**Task goal**
The answer must consist of every record below, reproduced exactly.

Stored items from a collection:
=-=-=

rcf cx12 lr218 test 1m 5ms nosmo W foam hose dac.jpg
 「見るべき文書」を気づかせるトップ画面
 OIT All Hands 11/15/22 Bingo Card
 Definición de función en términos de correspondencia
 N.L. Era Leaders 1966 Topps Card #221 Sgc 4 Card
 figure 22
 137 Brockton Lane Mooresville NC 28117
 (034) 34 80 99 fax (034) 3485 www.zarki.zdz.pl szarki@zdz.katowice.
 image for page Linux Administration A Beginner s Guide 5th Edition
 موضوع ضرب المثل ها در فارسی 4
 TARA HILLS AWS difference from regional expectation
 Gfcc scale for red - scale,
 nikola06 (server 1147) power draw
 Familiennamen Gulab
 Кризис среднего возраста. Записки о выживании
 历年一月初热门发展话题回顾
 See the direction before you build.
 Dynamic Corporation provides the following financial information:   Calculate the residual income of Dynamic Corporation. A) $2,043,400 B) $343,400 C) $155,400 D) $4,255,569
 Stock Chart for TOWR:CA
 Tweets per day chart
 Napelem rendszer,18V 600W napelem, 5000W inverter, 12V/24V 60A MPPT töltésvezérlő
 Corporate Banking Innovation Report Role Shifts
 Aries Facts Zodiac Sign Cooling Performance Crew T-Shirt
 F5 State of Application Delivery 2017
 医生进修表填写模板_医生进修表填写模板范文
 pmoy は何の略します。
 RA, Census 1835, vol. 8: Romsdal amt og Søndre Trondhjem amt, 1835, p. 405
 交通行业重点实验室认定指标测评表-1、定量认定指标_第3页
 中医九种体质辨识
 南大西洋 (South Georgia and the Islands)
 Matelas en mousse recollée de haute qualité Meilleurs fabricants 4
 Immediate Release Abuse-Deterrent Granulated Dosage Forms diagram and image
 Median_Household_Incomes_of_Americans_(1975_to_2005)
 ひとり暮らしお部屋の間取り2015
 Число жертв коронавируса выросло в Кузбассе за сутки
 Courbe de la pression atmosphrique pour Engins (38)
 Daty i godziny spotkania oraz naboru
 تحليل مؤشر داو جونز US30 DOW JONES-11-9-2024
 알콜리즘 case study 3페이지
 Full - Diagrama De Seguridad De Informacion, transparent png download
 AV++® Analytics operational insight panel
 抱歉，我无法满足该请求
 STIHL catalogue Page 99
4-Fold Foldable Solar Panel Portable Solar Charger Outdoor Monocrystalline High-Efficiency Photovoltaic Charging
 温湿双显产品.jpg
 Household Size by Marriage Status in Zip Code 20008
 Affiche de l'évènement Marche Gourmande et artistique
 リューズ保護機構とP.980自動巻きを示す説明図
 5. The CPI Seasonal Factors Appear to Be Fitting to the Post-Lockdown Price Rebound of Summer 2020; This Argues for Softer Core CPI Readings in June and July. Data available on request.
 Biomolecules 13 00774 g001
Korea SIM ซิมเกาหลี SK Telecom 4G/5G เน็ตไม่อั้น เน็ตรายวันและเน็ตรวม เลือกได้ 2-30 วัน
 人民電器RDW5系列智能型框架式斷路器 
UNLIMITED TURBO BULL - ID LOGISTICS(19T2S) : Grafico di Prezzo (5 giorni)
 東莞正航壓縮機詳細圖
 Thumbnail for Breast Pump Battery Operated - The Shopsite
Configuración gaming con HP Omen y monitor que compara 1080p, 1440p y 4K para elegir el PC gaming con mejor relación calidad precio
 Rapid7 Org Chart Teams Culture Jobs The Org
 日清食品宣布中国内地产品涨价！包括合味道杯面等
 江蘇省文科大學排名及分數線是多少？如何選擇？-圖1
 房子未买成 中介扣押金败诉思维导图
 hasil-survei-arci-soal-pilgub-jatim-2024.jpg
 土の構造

=-=-=

**Answer space**
rcf cx12 lr218 test 1m 5ms nosmo W foam hose dac.jpg
 「見るべき文書」を気づかせるトップ画面
 OIT All Hands 11/15/22 Bingo Card
 Definición de función en términos de correspondencia
 N.L. Era Leaders 1966 Topps Card #221 Sgc 4 Card
 figure 22
 137 Brockton Lane Mooresville NC 28117
 (034) 34 80 99 fax (034) 3485 www.zarki.zdz.pl szarki@zdz.katowice.
 image for page Linux Administration A Beginner s Guide 5th Edition
 موضوع ضرب المثل ها در فارسی 4
 TARA HILLS AWS difference from regional expectation
 Gfcc scale for red - scale,
 nikola06 (server 1147) power draw
 Familiennamen Gulab
 Кризис среднего возраста. Записки о выживании
 历年一月初热门发展话题回顾
 See the direction before you build.
 Dynamic Corporation provides the following financial information:   Calculate the residual income of Dynamic Corporation. A) $2,043,400 B) $343,400 C) $155,400 D) $4,255,569
 Stock Chart for TOWR:CA
 Tweets per day chart
 Napelem rendszer,18V 600W napelem, 5000W inverter, 12V/24V 60A MPPT töltésvezérlő
 Corporate Banking Innovation Report Role Shifts
 Aries Facts Zodiac Sign Cooling Performance Crew T-Shirt
 F5 State of Application Delivery 2017
 医生进修表填写模板_医生进修表填写模板范文
 pmoy は何の略します。
 RA, Census 1835, vol. 8: Romsdal amt og Søndre Trondhjem amt, 1835, p. 405
 交通行业重点实验室认定指标测评表-1、定量认定指标_第3页
 中医九种体质辨识
 南大西洋 (South Georgia and the Islands)
 Matelas en mousse recollée de haute qualité Meilleurs fabricants 4
 Immediate Release Abuse-Deterrent Granulated Dosage Forms diagram and image
 Median_Household_Incomes_of_Americans_(1975_to_2005)
 ひとり暮らしお部屋の間取り2015
 Число жертв коронавируса выросло в Кузбассе за сутки
 Courbe de la pression atmosphrique pour Engins (38)
 Daty i godziny spotkania oraz naboru
 تحليل مؤشر داو جونز US30 DOW JONES-11-9-2024
 알콜리즘 case study 3페이지
 Full - Diagrama De Seguridad De Informacion, transparent png download
 AV++® Analytics operational insight panel
 抱歉，我无法满足该请求
 STIHL catalogue Page 99
4-Fold Foldable Solar Panel Portable Solar Charger Outdoor Monocrystalline High-Efficiency Photovoltaic Charging
 温湿双显产品.jpg
 Household Size by Marriage Status in Zip Code 20008
 Affiche de l'évènement Marche Gourmande et artistique
 リューズ保護機構とP.980自動巻きを示す説明図
 5. The CPI Seasonal Factors Appear to Be Fitting to the Post-Lockdown Price Rebound of Summer 2020; This Argues for Softer Core CPI Readings in June and July. Data available on request.
 Biomolecules 13 00774 g001
Korea SIM ซิมเกาหลี SK Telecom 4G/5G เน็ตไม่อั้น เน็ตรายวันและเน็ตรวม เลือกได้ 2-30 วัน
 人民電器RDW5系列智能型框架式斷路器 
UNLIMITED TURBO BULL - ID LOGISTICS(19T2S) : Grafico di Prezzo (5 giorni)
 東莞正航壓縮機詳細圖
 Thumbnail for Breast Pump Battery Operated - The Shopsite
Configuración gaming con HP Omen y monitor que compara 1080p, 1440p y 4K para elegir el PC gaming con mejor relación calidad precio
 Rapid7 Org Chart Teams Culture Jobs The Org
 日清食品宣布中国内地产品涨价！包括合味道杯面等
 江蘇省文科大學排名及分數線是多少？如何選擇？-圖1
 房子未买成 中介扣押金败诉思维导图
 hasil-survei-arci-soal-pilgub-jatim-2024.jpg
 土の構造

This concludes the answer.